Wednesday, April 17

The Link Between Sobriety and Depression and How to Cope

sobriety and depression

Are you struggling with depression and trying to maintain your sobriety at the same time? You’re not alone. About one in three adults had either a substance abuse disorder or mental illness in the past year.

Many people assume that dealing with depression is easier after learning how to manage sobriety, but that’s not the case. What’s the connection between sobriety and depression, and how can you hope? Read on to find out.

Connecting Sobriety and Depression

Many substance abusers become addicted because they’re struggling with depressive symptoms. Drinking or using drugs may numb these symptoms. However, using can eventually make these symptoms worse, creating an endless cycle.
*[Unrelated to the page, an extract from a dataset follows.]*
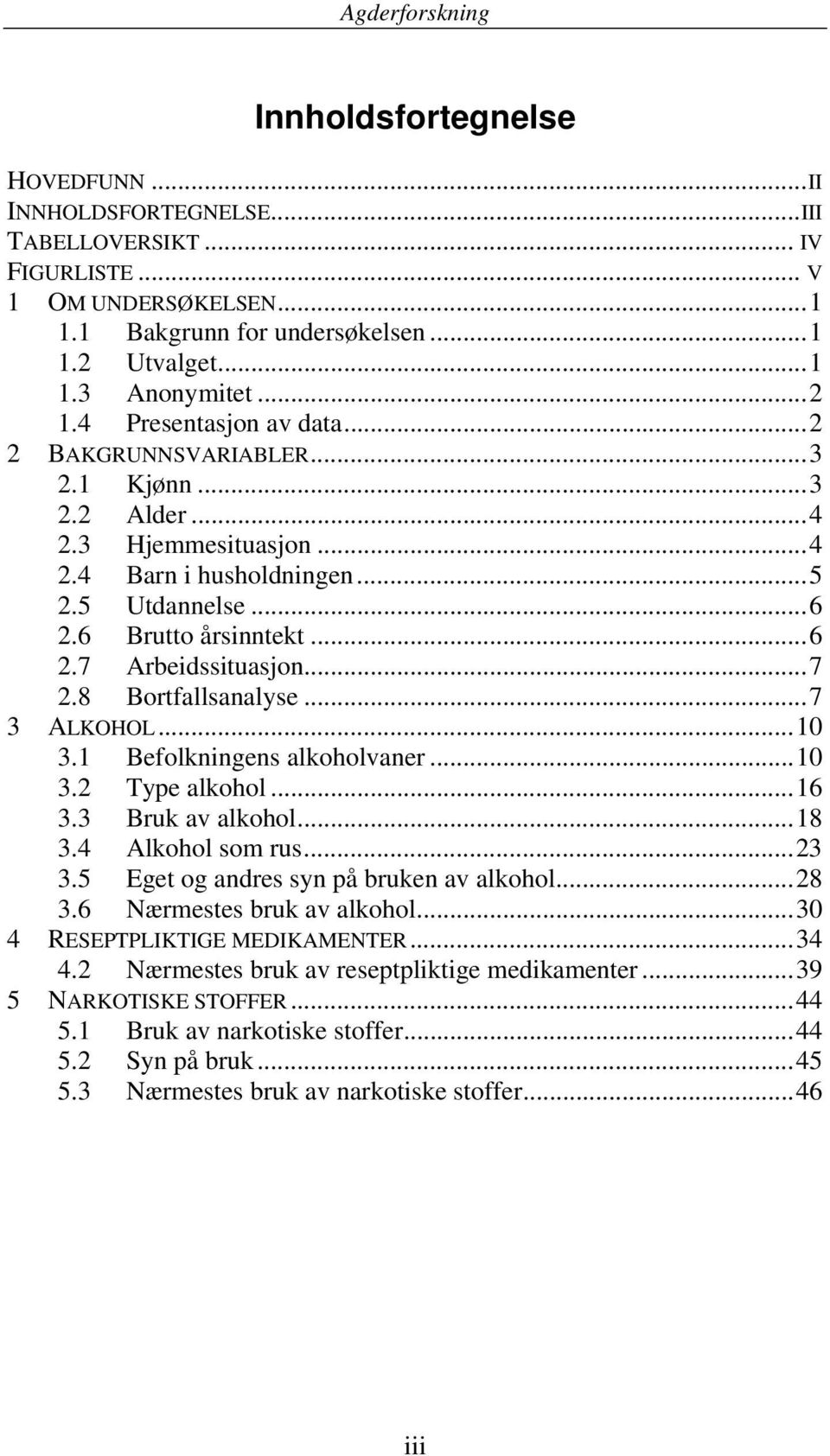 ..7 2.8 Bortfallsanalyse...7 3 ALKOHOL... 3.1 Befolkningens alkoholvaner... 3.2 Type alkohol...16 3.3 Bruk av alkohol...18 3.4 Alkohol som rus...23 3.5 Eget og andres syn på bruken av alkohol...28 3.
If you’re dealing with depression and substance abuse, you have a dual diagnosis (also called a comorbid diagnosis). Sometimes, a dual diagnosis occurs as a result of substance abuse. In some cases, mental health problems lead to substance abuse in the first place.

Depression During Recovery

Drugs or alcohol can feel like a loyal friend to someone coping with depression. People may feel that their substance of choice is a support when they feel anxious, stressed, or upset. Starting on a path to sobriety can feel like the loss of a loved one.

Losing access to drugs or alcohol can create feelings of sadness at first. An individual may feel lost, hopeless, and alone while experiencing shame and guilt. This process can make symptoms of depression worse.

Many individuals feel physically and emotionally unwell during the detox stage. Your body will need time to adjust once you stop drinking.

Heavy drinking can alter brain chemistry, causing intense emotions during a detox. These brain chemistry changes can cause depression.

During an addiction, the mind becomes accustomed to an influx of neurotransmitters. Detoxing and getting sober requires the brain to adjust to the lack of dopamine. Feelings of depression are part of the process as the body adjusts.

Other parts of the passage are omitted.